Reading Multiple Perspectives; What works?

As you have seen in my review of Monsoon Summer, the perspective changes killed my enjoyment of the book. After reading the story I even did an Instagram question of the day asking what other people thought about perspective changes.

A Sense of Order:

This is the big one for a lot of people. A friend of mine told me that she didn’t like reading books with multiple perspectives because it was hard to keep them straight.

We humans like routine. We like things to be neatly organized in pretty little boxes and categories. This goes for everything that we do, from our kitchens to society as a whole. Literature is no different. Take

Take The Forgotten Room, in that book we have three different perspectives. The authors for this story help us keep things straight by having a steady rotation. I knew that after I read a chapter from Kate’s perspective I was going to get Olivia. Then, after Olivia, it was going to be Lucy, then back to Kate. Keeping the reader in that rhythm kept us in the story (even if we wanted to skip ahead to see what would happen).

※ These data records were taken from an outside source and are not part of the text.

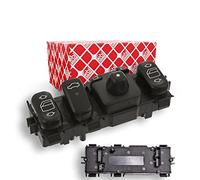 FEBI BILSTEIN Interrupteur (lève-vitre) 46766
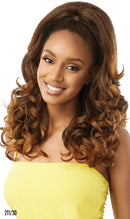 Outre Converti Cap Synthetic Wig GIMME GLAMOUR | Loc & Lovely Beauty Supply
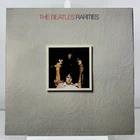 The Beatles Rarities Vinyl LP Record 1980 US Capitol Pressing SHAL 12060
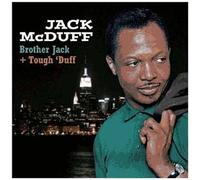 Mcduff, Jack – Brother Jack & Tough Duff – Import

Labeling isn’t Just for the Anal Retentive:

When I started incorporating other perspectives into my Nanowrimo book, We are America” I didn’t label them. (nor did I have a set order for my characters) When I sent the first chapter with a different perspective over to my writing partner I immediately got an email back asking “What the hell?” Amanda explained how confusing this was for her because I went from an 18 year old girl’s perspective straight to her forty something dad…yeah in retrospect I saw how jarring that could be. I realized that I needed to label my chapters to tell my reader who was talking.

The Forgotten Room labeled its chapters in addition to having that steady rhythm. It served its purpose for that initial switch or if you set the book down for a few days and then picked it back up.

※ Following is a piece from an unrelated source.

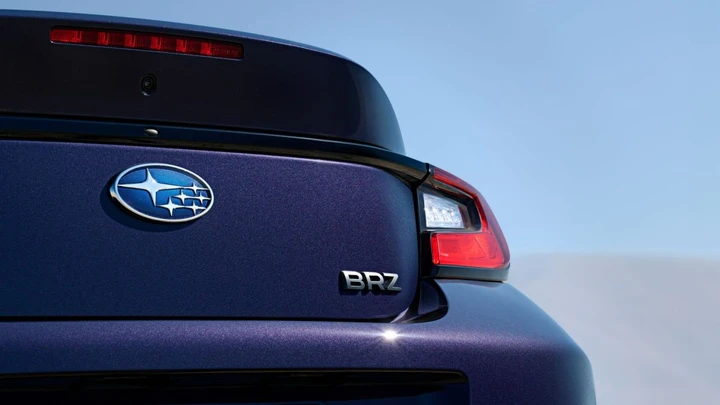 Subaru BRZ, in programma il ritorno in Europa: non sarà come prima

Chad Thumann does something else quite interesting with his perspective shifts in The Undesirables. Instead of giving us the character’s names it’s “The Choir Boy,”  “The Cellist,” or “The Organ Grinder.” I love these nicknames. It sets the tone of the chapter even before you read it. And when a new perspective is added we get to see a new nickname and a feel for their chunk of the story.


What’s the point?

The standard advice is to not do it unless you absolutely have to. So when should you absolutely have to, so when should you absolutely have to?

Well, basically when you can’t tell the story any other way. For instance when you have three generations of women who all have a story to tell. Or when you have characters at various locations.

One take that I personally like is Steinbeck’s take on the multiple perspectives in Cannery Row. Though there is one overall narrative each chapter starts off like it’s own short story.